### Assigned task
Since only the text is wanted, print every entry below exactly and omit the images.

### Provided information
---------------
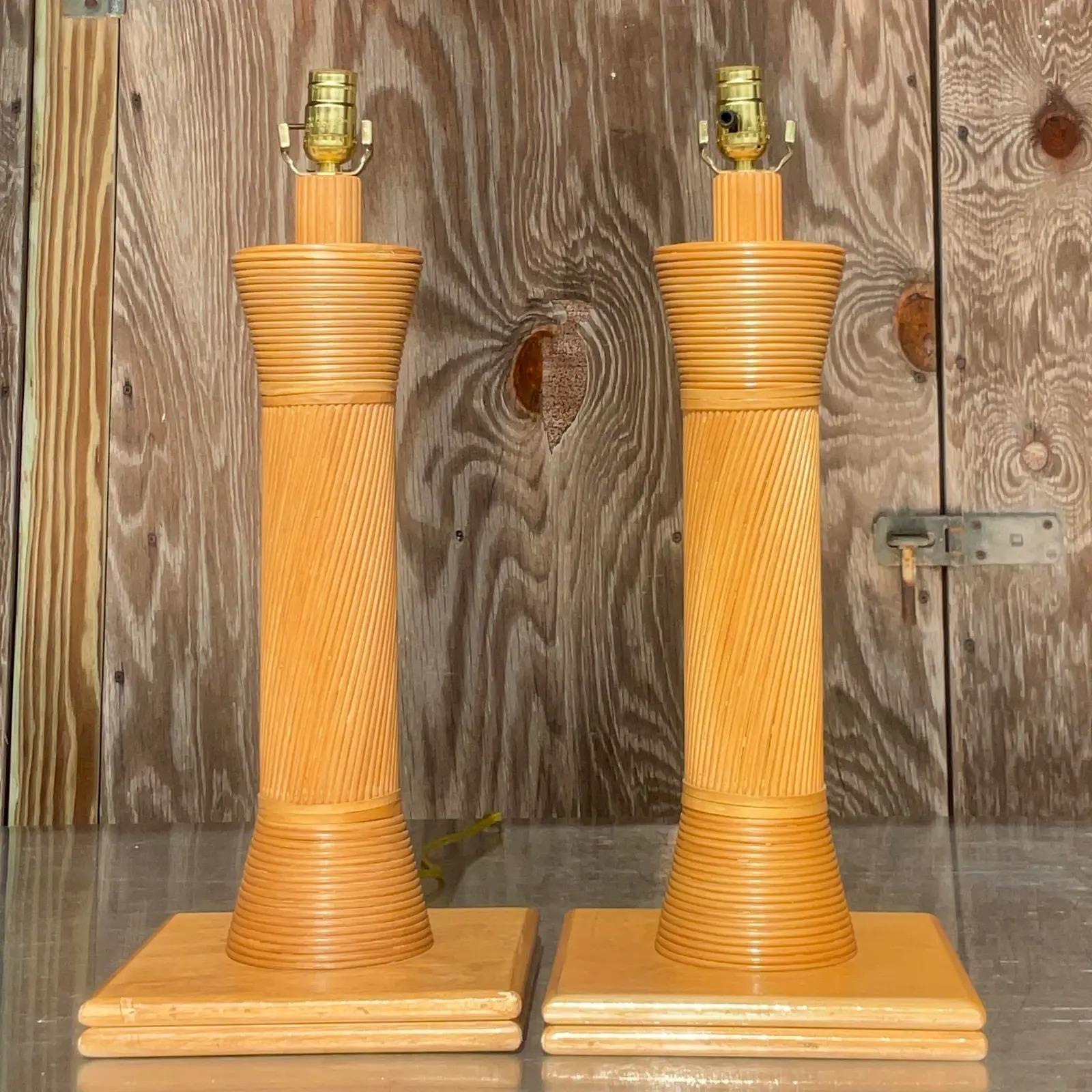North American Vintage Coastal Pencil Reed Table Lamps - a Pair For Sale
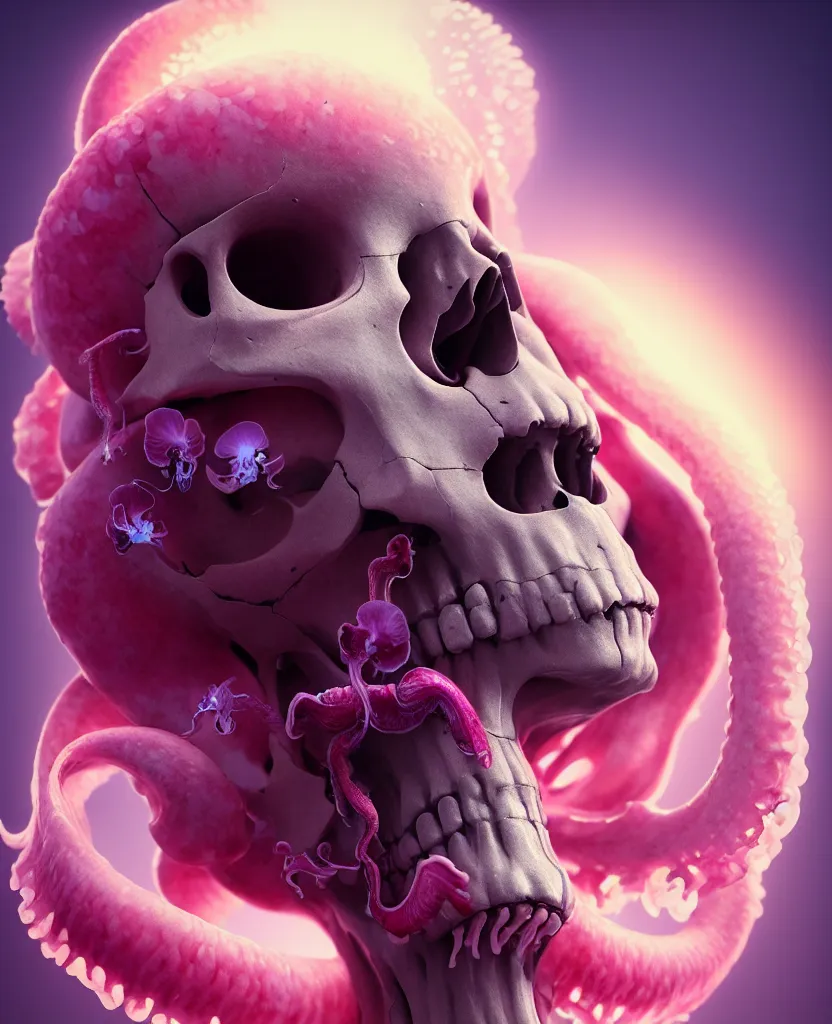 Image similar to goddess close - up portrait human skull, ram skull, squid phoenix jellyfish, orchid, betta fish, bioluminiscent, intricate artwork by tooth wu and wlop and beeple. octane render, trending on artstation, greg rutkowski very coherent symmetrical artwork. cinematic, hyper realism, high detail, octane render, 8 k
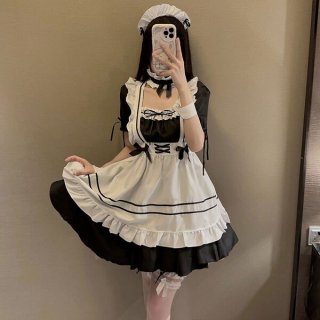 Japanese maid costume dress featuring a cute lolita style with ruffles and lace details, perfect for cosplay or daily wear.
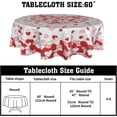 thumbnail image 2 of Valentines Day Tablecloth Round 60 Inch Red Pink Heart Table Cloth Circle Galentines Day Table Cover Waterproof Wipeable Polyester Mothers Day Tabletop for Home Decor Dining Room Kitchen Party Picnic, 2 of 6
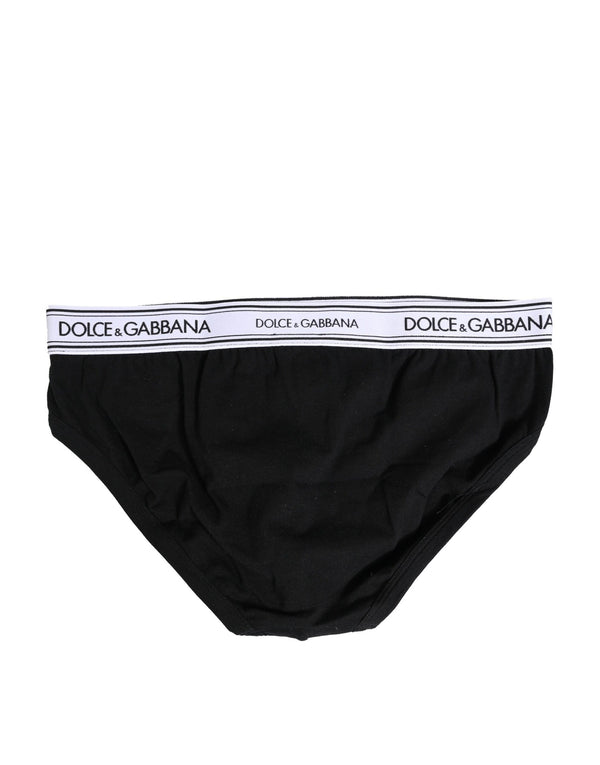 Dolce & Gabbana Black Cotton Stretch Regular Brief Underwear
---------------
### Response area
North American Vintage Coastal Pencil Reed Table Lamps - a Pair For Sale
 Image similar to goddess close - up portrait human skull, ram skull, squid phoenix jellyfish, orchid, betta fish, bioluminiscent, intricate artwork by tooth wu and wlop and beeple. octane render, trending on artstation, greg rutkowski very coherent symmetrical artwork. cinematic, hyper realism, high detail, octane render, 8 k
 Japanese maid costume dress featuring a cute lolita style with ruffles and lace details, perfect for cosplay or daily wear.
 thumbnail image 2 of Valentines Day Tablecloth Round 60 Inch Red Pink Heart Table Cloth Circle Galentines Day Table Cover Waterproof Wipeable Polyester Mothers Day Tabletop for Home Decor Dining Room Kitchen Party Picnic, 2 of 6
 Dolce & Gabbana Black Cotton Stretch Regular Brief Underwear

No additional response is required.